Facing the clearest test so far of its commitment to punish foreign companies that invest in Iran, the Clinton administration has decided to hold off on sanctions against a French energy firm in an effort to avert a trade war with the European Union, administration officials said Friday.
Rather than impose sanctions on the Total firm for signing a $2-billion natural gas development contract with Iran, the administration is seeking an agreement with the EU in which Washington would scrap the threat of sanctions in exchange for increased European pressure on Iran to curb terrorism, senior officials said.
The approach is a shift in emphasis for the administration, which has held out the prospect of sanctions as a powerful deterrent to investments that U.S. officials say would give Iran funds to acquire weapons or promote terrorism. The administration endorsed the 1996 Iran-Libya Sanctions Act, which mandates punitive trade measures against any company that invests more than $40 million a year in Iran’s energy sector.
But allies in Europe and elsewhere have rejected any attempt to apply U.S. law to foreign companies. Under the agreement being proposed by the administration, a blanket exemption from sanctions would be granted to companies based in EU countries if Europe adopts measures aimed at demonstrating its support for other U.S. efforts to contain Iran.
A similar arrangement in April temporarily halted a trade conflict over application to Europe of a U.S. law designed to head off investment in Cuba. But that six-month truce expires Oct. 15 with no final agreement in place, and the Europeans have declared that failure to waive sanctions on Cuba and Iran by that date will lead them to reopen a formal complaint with the World Trade Organization.
The U.S. proposal, which would, in effect, exonerate a multinational company that defied U.S. law to make the biggest external investment in Iran since the 1979 revolution, is likely to be criticized by some members of Congress as an abandonment of U.S. policy. But senior officials said the decision is consistent with the U.S. commitment to deter Iranian-sponsored terrorism.
The objective of the Iran-Libya Sanctions Act was to encourage other countries to join the United States in trying to isolate Iran economically, administration officials said. If negotiations with the EU lead to more vigorous European measures to combat Iranian support for terrorism and limit Iran’s access to sophisticated weapons, the purpose of the law will have been fulfilled and sanctions will not be required, officials said.
“It’s important to bear in mind the reasons why we supported the legislation in the first place,” State Department spokesman James Rubin said this week. “The objective of the legislation is not to impose sanctions. The objective is to get other countries, in Europe in particular, to work with us on the subject of tightening up the pressure on Iran.”

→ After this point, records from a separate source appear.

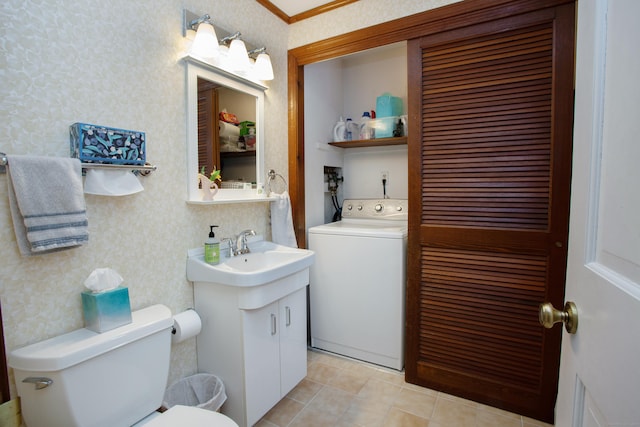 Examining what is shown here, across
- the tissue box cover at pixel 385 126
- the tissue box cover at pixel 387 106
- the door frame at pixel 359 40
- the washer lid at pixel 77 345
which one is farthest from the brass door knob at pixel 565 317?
the tissue box cover at pixel 387 106

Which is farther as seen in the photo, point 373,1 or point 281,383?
point 373,1

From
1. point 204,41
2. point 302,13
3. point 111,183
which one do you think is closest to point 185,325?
point 111,183

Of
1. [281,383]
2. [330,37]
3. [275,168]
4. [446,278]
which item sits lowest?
[281,383]

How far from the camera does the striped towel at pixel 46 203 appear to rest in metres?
1.00

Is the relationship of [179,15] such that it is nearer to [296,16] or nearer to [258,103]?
[258,103]

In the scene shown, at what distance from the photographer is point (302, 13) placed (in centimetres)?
225

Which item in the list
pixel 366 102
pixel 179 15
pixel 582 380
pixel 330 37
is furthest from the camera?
pixel 366 102

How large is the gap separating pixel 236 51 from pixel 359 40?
85 cm

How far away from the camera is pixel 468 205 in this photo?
71.0 inches

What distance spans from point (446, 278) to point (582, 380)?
4.38 ft

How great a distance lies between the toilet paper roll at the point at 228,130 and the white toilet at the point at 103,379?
41.0 inches

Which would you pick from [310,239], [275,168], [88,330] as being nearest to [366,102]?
[275,168]

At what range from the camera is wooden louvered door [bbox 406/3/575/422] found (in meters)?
1.59

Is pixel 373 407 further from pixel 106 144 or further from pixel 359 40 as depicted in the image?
pixel 359 40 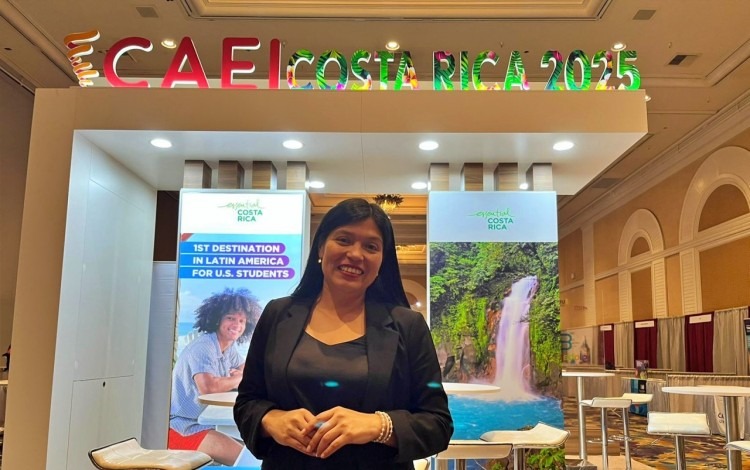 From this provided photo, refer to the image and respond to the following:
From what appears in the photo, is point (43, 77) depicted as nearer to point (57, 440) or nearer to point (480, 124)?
point (57, 440)

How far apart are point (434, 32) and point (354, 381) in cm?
675

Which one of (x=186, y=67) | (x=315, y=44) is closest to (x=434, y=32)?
(x=315, y=44)

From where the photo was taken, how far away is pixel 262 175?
194 inches

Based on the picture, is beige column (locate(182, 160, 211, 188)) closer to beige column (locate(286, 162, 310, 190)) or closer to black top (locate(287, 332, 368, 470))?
beige column (locate(286, 162, 310, 190))

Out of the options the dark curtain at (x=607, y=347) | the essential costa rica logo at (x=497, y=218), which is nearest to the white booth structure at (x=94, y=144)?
the essential costa rica logo at (x=497, y=218)

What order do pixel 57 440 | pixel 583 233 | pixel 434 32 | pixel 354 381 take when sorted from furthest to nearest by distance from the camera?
pixel 583 233
pixel 434 32
pixel 57 440
pixel 354 381

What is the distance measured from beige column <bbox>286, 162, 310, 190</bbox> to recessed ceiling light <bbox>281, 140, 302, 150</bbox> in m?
0.38

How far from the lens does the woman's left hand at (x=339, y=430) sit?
1091mm

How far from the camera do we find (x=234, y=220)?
190 inches

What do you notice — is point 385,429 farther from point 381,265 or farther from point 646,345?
point 646,345

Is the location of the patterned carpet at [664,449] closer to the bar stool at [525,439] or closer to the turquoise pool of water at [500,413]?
the turquoise pool of water at [500,413]

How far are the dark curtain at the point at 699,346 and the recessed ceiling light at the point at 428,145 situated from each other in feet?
23.9

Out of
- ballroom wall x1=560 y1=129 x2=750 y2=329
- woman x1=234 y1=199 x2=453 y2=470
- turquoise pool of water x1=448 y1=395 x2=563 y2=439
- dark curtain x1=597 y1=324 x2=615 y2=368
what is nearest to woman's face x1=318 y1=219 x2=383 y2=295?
woman x1=234 y1=199 x2=453 y2=470

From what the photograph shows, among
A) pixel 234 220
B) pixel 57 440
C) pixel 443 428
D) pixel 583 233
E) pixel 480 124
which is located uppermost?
pixel 583 233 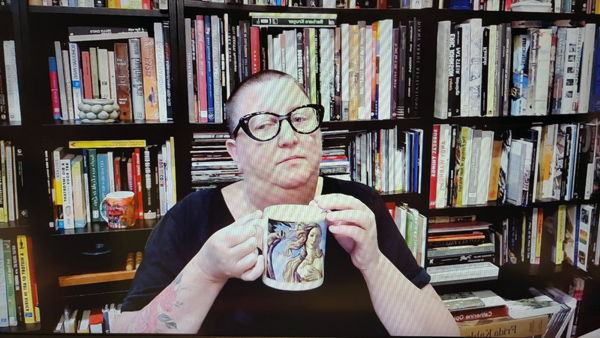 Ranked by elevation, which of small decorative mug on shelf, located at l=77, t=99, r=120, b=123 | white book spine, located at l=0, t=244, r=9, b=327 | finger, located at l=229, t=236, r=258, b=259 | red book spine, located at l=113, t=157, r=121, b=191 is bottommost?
white book spine, located at l=0, t=244, r=9, b=327

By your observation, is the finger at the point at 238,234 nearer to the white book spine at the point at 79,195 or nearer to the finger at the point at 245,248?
the finger at the point at 245,248

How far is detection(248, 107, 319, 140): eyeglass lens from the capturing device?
3.62 feet

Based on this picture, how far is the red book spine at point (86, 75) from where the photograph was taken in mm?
1330

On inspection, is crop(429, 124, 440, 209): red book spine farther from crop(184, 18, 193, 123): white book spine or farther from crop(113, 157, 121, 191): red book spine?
crop(113, 157, 121, 191): red book spine

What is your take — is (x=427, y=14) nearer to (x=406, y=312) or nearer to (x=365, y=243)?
(x=365, y=243)

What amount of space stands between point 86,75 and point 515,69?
4.25 feet

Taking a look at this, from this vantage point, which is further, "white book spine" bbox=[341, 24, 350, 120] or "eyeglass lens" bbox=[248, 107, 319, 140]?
"white book spine" bbox=[341, 24, 350, 120]

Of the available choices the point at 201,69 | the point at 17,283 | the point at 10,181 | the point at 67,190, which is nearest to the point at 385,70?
the point at 201,69

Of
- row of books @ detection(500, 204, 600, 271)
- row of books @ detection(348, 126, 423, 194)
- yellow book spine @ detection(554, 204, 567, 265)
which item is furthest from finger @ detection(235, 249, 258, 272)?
yellow book spine @ detection(554, 204, 567, 265)

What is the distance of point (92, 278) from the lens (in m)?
1.36

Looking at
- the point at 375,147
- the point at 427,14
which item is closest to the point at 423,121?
the point at 375,147

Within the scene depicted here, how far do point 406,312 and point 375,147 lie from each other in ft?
1.66

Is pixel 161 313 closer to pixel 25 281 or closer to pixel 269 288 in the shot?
pixel 269 288

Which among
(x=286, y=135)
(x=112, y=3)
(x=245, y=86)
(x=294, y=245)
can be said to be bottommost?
(x=294, y=245) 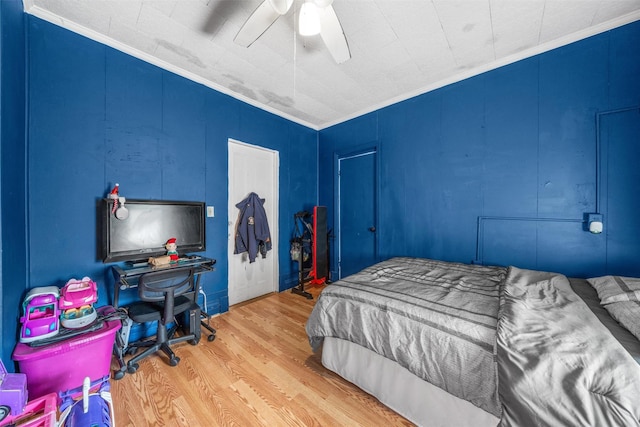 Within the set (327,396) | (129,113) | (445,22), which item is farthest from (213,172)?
(445,22)

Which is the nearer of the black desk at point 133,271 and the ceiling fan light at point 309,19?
the ceiling fan light at point 309,19

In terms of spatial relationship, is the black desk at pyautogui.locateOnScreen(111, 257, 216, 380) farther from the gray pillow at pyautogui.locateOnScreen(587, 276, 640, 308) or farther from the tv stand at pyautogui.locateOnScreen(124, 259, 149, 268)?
the gray pillow at pyautogui.locateOnScreen(587, 276, 640, 308)

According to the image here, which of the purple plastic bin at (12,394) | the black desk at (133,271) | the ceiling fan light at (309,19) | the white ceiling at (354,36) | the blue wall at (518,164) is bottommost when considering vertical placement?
the purple plastic bin at (12,394)

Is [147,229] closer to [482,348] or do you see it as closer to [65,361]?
[65,361]

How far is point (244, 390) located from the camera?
1.62 meters

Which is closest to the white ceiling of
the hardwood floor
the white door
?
the white door

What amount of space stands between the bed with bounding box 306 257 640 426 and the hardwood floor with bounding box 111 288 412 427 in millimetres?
154

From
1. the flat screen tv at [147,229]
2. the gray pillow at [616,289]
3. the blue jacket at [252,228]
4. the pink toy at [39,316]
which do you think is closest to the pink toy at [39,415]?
the pink toy at [39,316]

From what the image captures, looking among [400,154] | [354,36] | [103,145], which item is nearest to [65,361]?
[103,145]

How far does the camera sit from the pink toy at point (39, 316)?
143cm

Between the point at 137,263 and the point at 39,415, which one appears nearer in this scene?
the point at 39,415

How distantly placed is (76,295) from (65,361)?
0.42m

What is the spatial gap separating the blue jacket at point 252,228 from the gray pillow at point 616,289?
10.3ft

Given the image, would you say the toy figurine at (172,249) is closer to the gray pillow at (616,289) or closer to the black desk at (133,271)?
the black desk at (133,271) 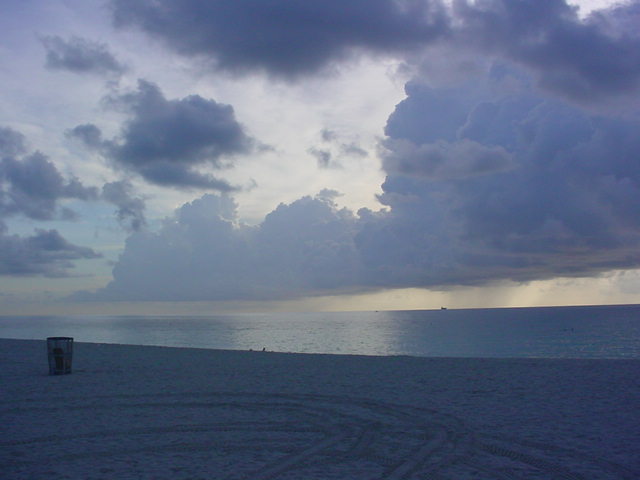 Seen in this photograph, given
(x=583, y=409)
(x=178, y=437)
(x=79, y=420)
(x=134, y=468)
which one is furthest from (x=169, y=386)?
(x=583, y=409)

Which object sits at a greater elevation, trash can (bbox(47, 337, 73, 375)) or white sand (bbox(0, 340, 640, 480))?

He said U.S. negotiators will meet EU officials twice this month about “ways to ratchet up the pressure. That is a factor that will go into any decision-making because the law itself specifies the option of waiving a sanction if the governments have agreed to tighten up.”
After protracted negotiations, Total last weekend joined the Russian gas giant Gazprom and the Malaysian state oil company, Petronas, in the $2-billion deal to develop the Iranian offshore gas field known as South Pars.